WHAT YOU ARE ASKED TO DO
Beginning with the line that holds "Hitohira Togashi White" and ending with the last line below, please copy every line exactly, add nothing, and leave out the pictures.

EXERCISE DATA
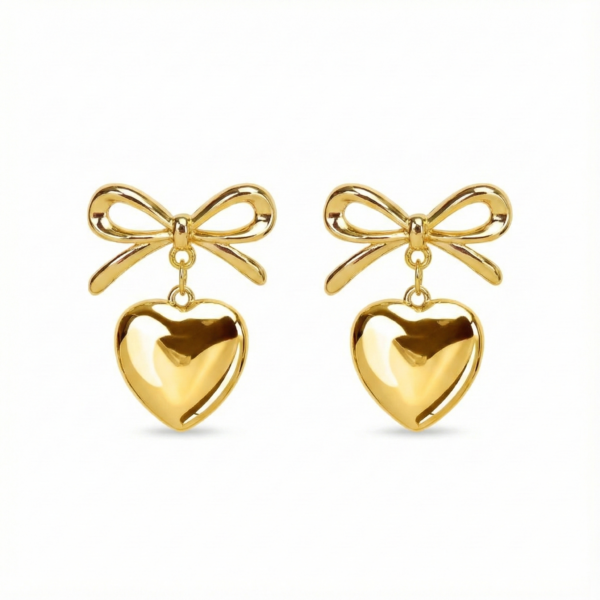 Sweetheart bow earrings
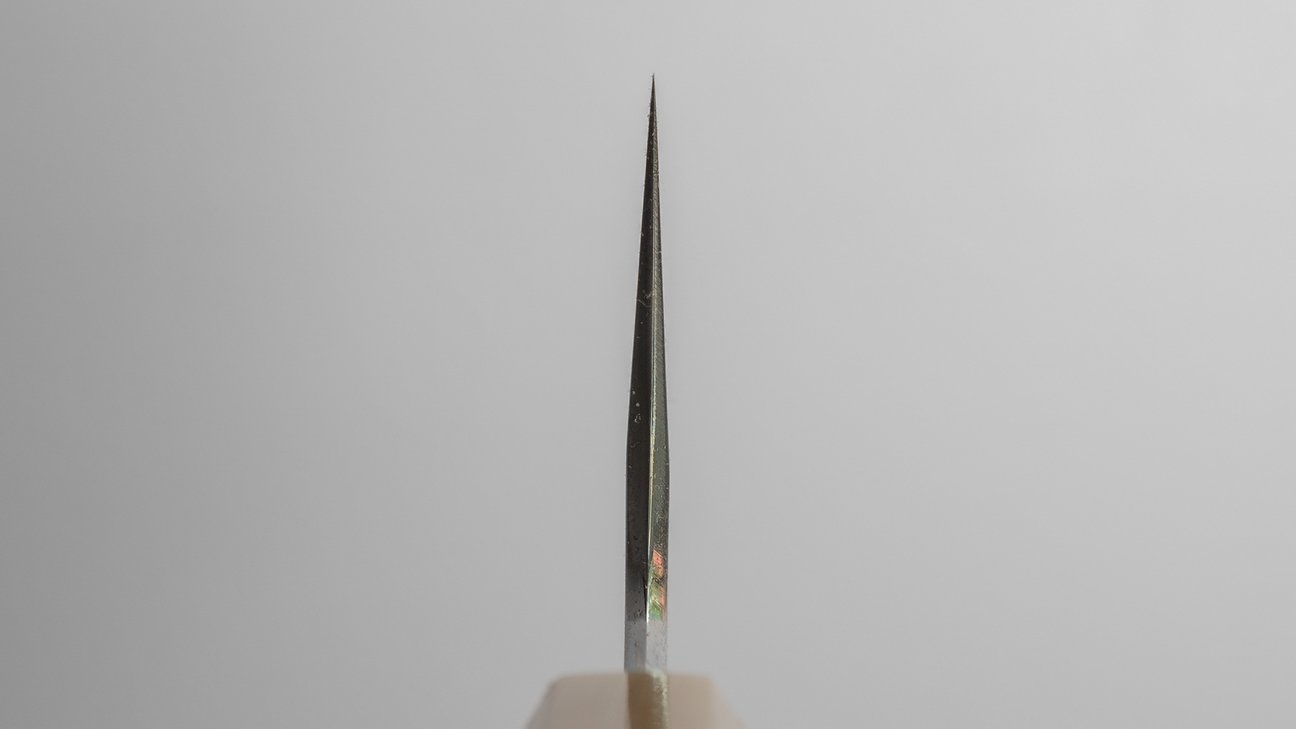 Hitohira Togashi White #1 Stainless Clad Kiritsuke Gyuto 240mm Taihei Ebony Handle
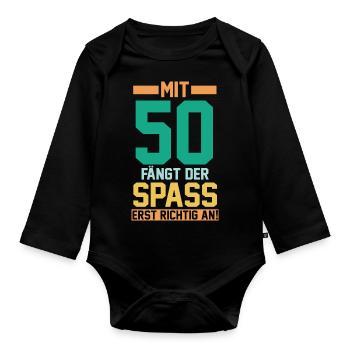 Fünfzig Fünfzigster 50 Jahre Geburtstag - Baby Bio-Langarm-Body - Schwarz - Vorne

PROBLEM SOLUTION
 Hitohira Togashi White #1 Stainless Clad Kiritsuke Gyuto 240mm Taihei Ebony Handle
 Fünfzig Fünfzigster 50 Jahre Geburtstag - Baby Bio-Langarm-Body - Schwarz - Vorne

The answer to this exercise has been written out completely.